Firstly, it is necessary to determine the ending time in years, given by the value T. Since there are approximately 252 business days in a year and the length of the data is given in days, T will (approximately) be equal to the number of years of simulated data.

Then it is necessary to calculate dt, which is the timestep utilised for each subsequent asset price path. Note that this has a factor of four applied to it. This is because it is necessary to simulate an asset path with four times as much data to account for the need to have open, high, low and close values. Effectively this is simulating four price values per day and stepping through them accordingly. The calculation of min/max for low/high values is deferred to another method below.

Once the timestep has been calculated the correct formula for the asset path can be applied in a vectorised fashion. This formula is explained in detail in this article.

Once all of the individual up/down values of the asset path have been simulated in the asset_path variable, it is necessary to take their cumulative product and multiply by an initial pricing value to obtain a realistic price path for, e.g. an equity. This is then returned:

def _create_geometric_brownian_motion(self, data):
    """
    Calculates an asset price path using the analytical solution
    to the Geometric Brownian Motion stochastic differential
    equation (SDE).

    This divides the usual timestep by four so that the pricing
    series is four times as long, to account for the need to have
    an open, high, low and close price for each day. These prices
    are subsequently correctly bounded in a further method.

    Parameters
    ----------
    data : `pd.DataFrame`
        The DataFrame needed to calculate length of the time series.

    Returns
    -------
    `np.ndarray`
        The asset price path (four times as long to include OHLC).
    """
    n = len(data)
    T = n / 252.0  # Business days in a year
    dt = T / (4.0 * n)  # 4.0 is needed as four prices per day are required
    
    # Vectorised implementation of asset path generation
    # including four prices per day, used to create OHLC
    asset_path = np.exp(
        (self.mu - self.sigma**2 / 2) * dt +
        self.sigma * np.random.normal(0, np.sqrt(dt), size=(4 * n))
    )
    
    return self.init_price * asset_path.cumprod()

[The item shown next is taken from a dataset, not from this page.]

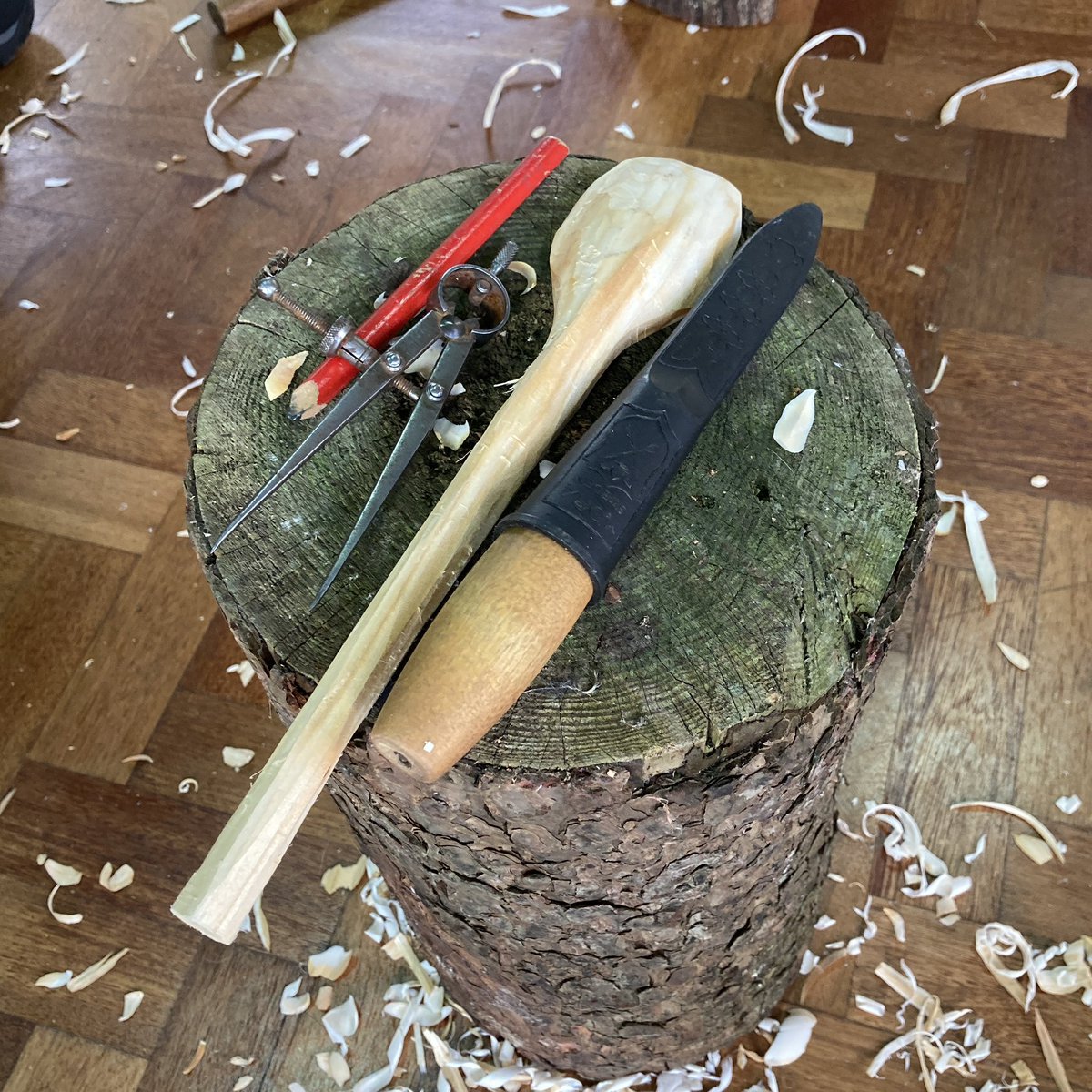 Craft_Workshops's tweet photo. Our workshoppers were shown how to carve not one but two spoons on Sunday at our SPOON CARVING WORKSHOP. They were introduced to the safe and efficient ways of using a straight knife and hook knife to create their beautifully handcrafted spoons.
#tlpcraftworkshops https://t.co/XXCLjk43n7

It was mentioned above that four prices are required per day. However, there was no guarantee that the high and low prices as simulated would actually be the highest and lowest prices on the day. Hence the following method adjusts the high/low prices by taking the max/min values across all values in the day (including the open/close prices) such that the OHLC 'bar' is correctly calculated. NumPy slicing notation is used to step through in increments of four, effectively carrying out the calculations on a daily basis:

def _append_path_to_data(self, data, path):
    """
    Correctly accounts for the max/min calculations required
    to generate a correct high and low price for a particular
    day's pricing.

    The open price takes every fourth value, while the close
    price takes every fourth value offset by 3 (last value in
    every block of four).

    The high and low prices are calculated by taking the max
    (resp. min) of all four prices within a day and then
    adjusting these values as necessary.

    This is all carried out in place so the frame is not returned
    via the method.

    Parameters
    ----------
    data : `pd.DataFrame`
        The price/volume DataFrame to modify in place.
    path : `np.ndarray`
        The original NumPy array of the asset price path.
    """
    data['open'] = path[0::4]
    data['close'] = path[3::4]

    data['high'] = np.maximum(
        np.maximum(path[0::4], path[1::4]),
        np.maximum(path[2::4], path[3::4])
    )

    data['low'] = np.minimum(
        np.minimum(path[0::4], path[1::4]),
        np.minimum(path[2::4], path[3::4])
    )

At this stage the DataFrame now has its open, high, low and close columns populated. However the volume has yet to be simulated. The following method uses a vectorised sampling of a Pareto distribution to simulate daily traded volume for a stock. The shape argument of the distribution controls the size of the returned values, while the size parameter controls the number of draws to carry out. This is set to be equal to the number of days in the DataFrame.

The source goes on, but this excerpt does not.